She later told a visiting Jordanian non-governmental delegation that Damascus is ready to respond to positive steps that Amman may take. A senior Syrian official was also quoted as saying his country is looking to the future, not the past, vis-a-vis relations with Jordan.
Responding indirectly to these statements, Jordanian government spokesman Mohammad Al-Momani on Friday said: “Our relations with the Syrian state and regime are going in the right direction.” He added that his remarks are “a very important message that everyone should hear.”

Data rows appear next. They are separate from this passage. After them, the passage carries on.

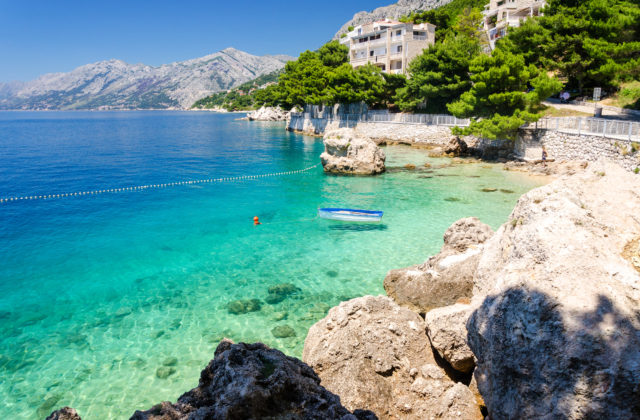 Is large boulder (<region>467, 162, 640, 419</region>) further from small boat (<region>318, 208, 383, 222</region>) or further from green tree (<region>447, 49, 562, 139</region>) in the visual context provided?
green tree (<region>447, 49, 562, 139</region>)

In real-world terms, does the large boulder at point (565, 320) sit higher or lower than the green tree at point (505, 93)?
lower

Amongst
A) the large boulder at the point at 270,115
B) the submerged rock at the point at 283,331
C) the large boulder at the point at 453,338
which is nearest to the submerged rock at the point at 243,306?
the submerged rock at the point at 283,331

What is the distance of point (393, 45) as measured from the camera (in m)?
69.1

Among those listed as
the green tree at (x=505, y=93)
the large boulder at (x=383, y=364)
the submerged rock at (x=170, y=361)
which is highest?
the green tree at (x=505, y=93)

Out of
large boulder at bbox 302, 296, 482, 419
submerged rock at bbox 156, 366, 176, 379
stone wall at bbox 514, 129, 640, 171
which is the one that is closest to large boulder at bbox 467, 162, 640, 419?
large boulder at bbox 302, 296, 482, 419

These positive statements point to a willingness by both sides to turn the page on what was often a tense and distrustful relationship following the outbreak of the Syrian uprising in March 2011. While normalization is yet to start, and may take a number of confidence-building measures before achieving its goals, it should not come as a surprise that Jordan may be the first regional country to move closer to Damascus.

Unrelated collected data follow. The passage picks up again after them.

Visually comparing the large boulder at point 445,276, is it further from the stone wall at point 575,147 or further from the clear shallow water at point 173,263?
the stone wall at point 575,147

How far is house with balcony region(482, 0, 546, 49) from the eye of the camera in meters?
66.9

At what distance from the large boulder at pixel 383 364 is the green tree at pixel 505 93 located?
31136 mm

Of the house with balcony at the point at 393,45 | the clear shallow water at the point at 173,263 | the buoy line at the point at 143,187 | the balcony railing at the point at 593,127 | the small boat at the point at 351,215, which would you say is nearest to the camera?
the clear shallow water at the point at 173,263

Since the Syrian conflict erupted, Amman has chosen to follow an independent course, and has adjusted its position in response to developing geopolitical realities. But the fundamentals of that policy have remained firm and unchanged: Jordan has always insisted on preserving Syria’s territorial integrity, while calling for a political resolution to the crisis.
It has also underlined the importance of preserving Syria’s state institutions in order to prevent the country’s collapse and fragmentation. Unlike other regional players, Jordan never called for Assad’s removal as a condition to ending the crisis. That decision was left to the Syrian people.
But that did not prevent Amman from criticizing Damascus’ response to the popular uprising and condemning atrocities committed by all sides. And while Syrian officials, including Assad, attacked Jordan on many occasions — accusing it of training and funding rebels, and allowing “terrorist fighters” to enter Syria — Amman’s response was always prudent and diplomatic.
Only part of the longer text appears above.